-- Task prompt --
Exactly reproduce the line that contains "Ivory Home Builders" and all lines after it in the entries below, through the very last line.

-- Information given --
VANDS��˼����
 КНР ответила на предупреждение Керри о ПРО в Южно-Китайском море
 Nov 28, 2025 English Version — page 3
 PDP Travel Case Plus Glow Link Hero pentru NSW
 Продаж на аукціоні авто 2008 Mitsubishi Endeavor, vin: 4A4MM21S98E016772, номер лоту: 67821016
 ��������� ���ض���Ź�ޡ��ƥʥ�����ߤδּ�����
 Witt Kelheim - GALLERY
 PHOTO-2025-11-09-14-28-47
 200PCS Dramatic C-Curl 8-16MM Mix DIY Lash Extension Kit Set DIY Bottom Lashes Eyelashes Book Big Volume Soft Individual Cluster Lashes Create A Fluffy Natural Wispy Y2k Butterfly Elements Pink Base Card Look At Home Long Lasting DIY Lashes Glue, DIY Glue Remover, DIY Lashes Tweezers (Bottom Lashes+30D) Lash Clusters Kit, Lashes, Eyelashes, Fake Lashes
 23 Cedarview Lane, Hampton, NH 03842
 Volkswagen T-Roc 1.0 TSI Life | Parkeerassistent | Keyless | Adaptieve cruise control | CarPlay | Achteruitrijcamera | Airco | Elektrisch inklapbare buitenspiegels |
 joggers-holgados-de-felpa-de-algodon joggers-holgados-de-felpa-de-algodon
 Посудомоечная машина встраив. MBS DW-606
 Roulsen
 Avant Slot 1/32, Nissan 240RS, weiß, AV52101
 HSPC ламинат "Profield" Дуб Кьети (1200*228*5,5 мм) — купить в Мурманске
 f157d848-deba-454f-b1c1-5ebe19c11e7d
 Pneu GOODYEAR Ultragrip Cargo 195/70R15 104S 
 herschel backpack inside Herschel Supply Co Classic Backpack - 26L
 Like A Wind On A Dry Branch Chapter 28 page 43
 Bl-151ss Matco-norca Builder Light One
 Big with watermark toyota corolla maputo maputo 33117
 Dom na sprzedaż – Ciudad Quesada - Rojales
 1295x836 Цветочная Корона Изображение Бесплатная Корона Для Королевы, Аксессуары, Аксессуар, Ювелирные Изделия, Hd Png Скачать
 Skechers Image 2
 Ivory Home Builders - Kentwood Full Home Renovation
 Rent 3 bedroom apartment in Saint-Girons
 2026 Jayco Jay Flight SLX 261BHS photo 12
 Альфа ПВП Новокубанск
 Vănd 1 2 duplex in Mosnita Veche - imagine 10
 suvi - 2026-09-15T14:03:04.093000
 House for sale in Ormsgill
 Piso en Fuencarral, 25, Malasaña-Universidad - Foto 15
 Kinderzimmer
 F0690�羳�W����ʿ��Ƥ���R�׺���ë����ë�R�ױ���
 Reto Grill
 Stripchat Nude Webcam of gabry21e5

-- Solution for this exercise --
 Ivory Home Builders - Kentwood Full Home Renovation
 Rent 3 bedroom apartment in Saint-Girons
 2026 Jayco Jay Flight SLX 261BHS photo 12
 Альфа ПВП Новокубанск
 Vănd 1 2 duplex in Mosnita Veche - imagine 10
 suvi - 2026-09-15T14:03:04.093000
 House for sale in Ormsgill
 Piso en Fuencarral, 25, Malasaña-Universidad - Foto 15
 Kinderzimmer
 F0690�羳�W����ʿ��Ƥ���R�׺���ë����ë�R�ױ���
 Reto Grill
 Stripchat Nude Webcam of gabry21e5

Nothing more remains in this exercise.